Punishing the vulnerable: the perils of criminalising street-based sex work

By ARON LEWIN

About a decade ago, Kate Connett was a sex worker on the streets of St Kilda, supporting a heroin addiction.

“I remember the moment I decided to do it … [I was thinking] tomorrow I’m going to wake up with no money. It’s either this, deal drugs – which I wasn’t going to fucking do – or hard crime, and I couldn’t do that either as I’m not a violent person,” Kate said.

Concerns have been raised that the criminalisation of street-based sex work and the policing strategies used to enforce the legislation is increasing the risks faced by street-based sex workers in Victoria.

At the time, Kate was adamant about not working for a brothel. She hated the work and did not want to share the money that she made with a brothel owner.

But, with the exception of New South Wales, where the sex industry is decriminalised, buying or selling sex on the street is illegal in all states and territories.

Although it is legal in Victoria to work in a licensed brothel or as a private escort, the Sex Work Act (1994) stipulates that sex workers convicted of a first offence of loitering or solicitation in a public place face a penalty of about $1470 or can be imprisoned for a month.

The punishment for being a client of a street-based sex worker in Victoria is three times harsher.

Kate is now an outreach worker for Project Respect, a drop-in centre that helps sex workers leave the industry. But she said that the prospect of prosecution during her time as a street-based sex worker meant that she is still suspicious of police.

“I worked in St Kilda, and I had nothing to do with sex worker organisations because I was really paranoid they would be working with the police … I still have problems trusting the police today,” she said.

The tendency of street-based sex workers to distrust the police is particularly problematic because they are among the most vulnerable members of the community to incidents of sexual assault, drug and alcohol dependency, homelessness and mental health problems.

Research conducted in 2006 by the National Drug and Health Centre in the University of New South Wales showed that, of the 72 street-based sex workers surveyed, just under half suffered from post-traumatic stress disorder.

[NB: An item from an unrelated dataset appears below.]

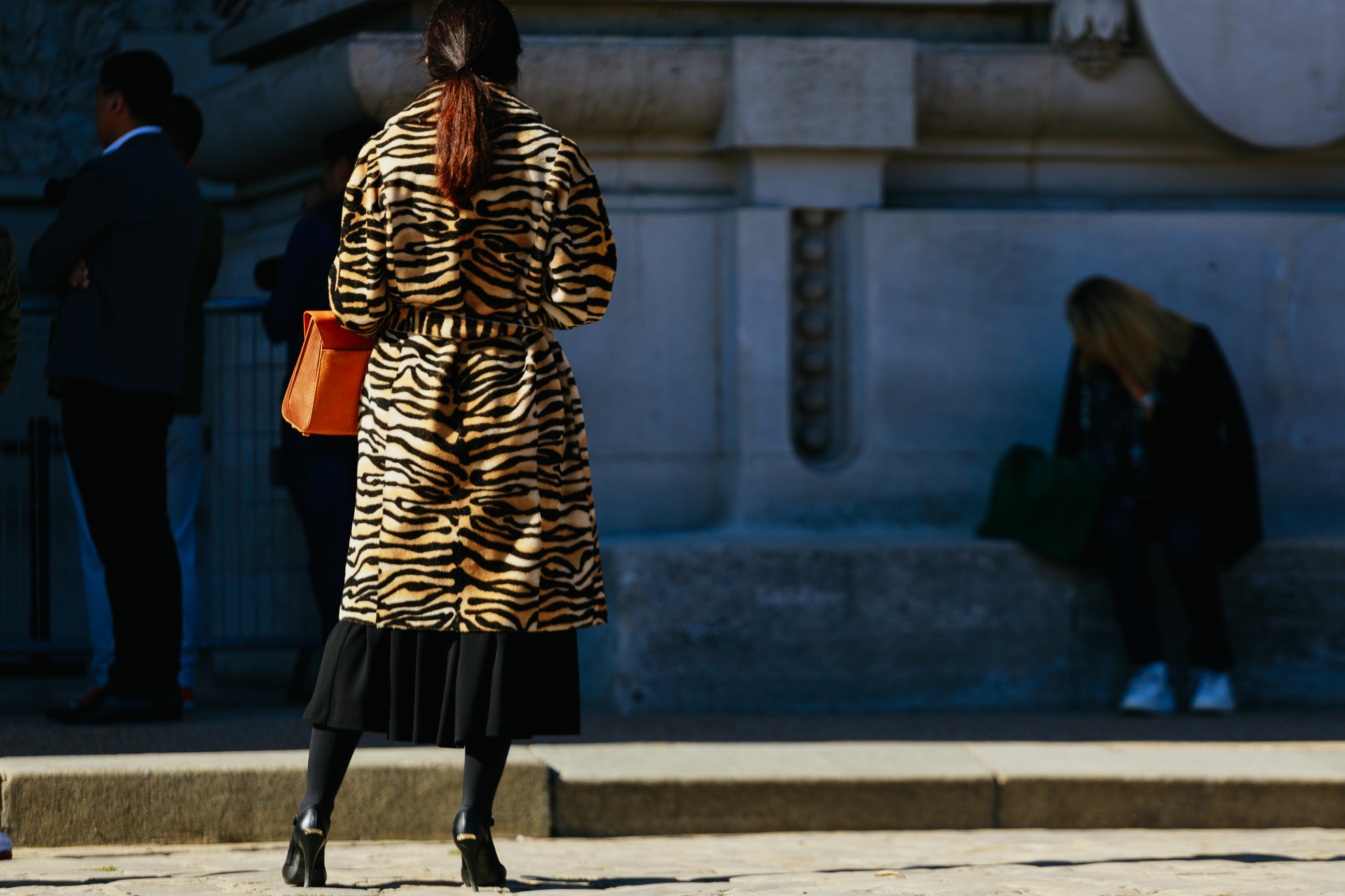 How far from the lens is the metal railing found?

A few years ago Victoria Police discovered a cycle was occurring where street-based sex workers convicted of loitering or soliciting in a public place either could not pay the fine, or had to go back to work on the streets in order to pay the fine.

St Kilda Police sex worker liaison officer Sgt David Morrow said St Kilda police had changed their strategy by heavily targeting clients rather than the workers. He also said  the aim of this strategy was to reduce demand, and consequently supply, of street-based sex work.

This approach is a modified application of Swedish sex worker laws – known as the Nordic model – which criminalises the purchase but not the sale of sexual services.

Implicit in the Nordic model is the belief that the sex industry is a result of entrenched sexism – as the demand for sex workers is almost exclusively male – and that government funding should be placed in support of services that help sex workers leave the industry.

In line with Project Respect’s ideology, Kate said street-based sex workers were safer under the Nordic model.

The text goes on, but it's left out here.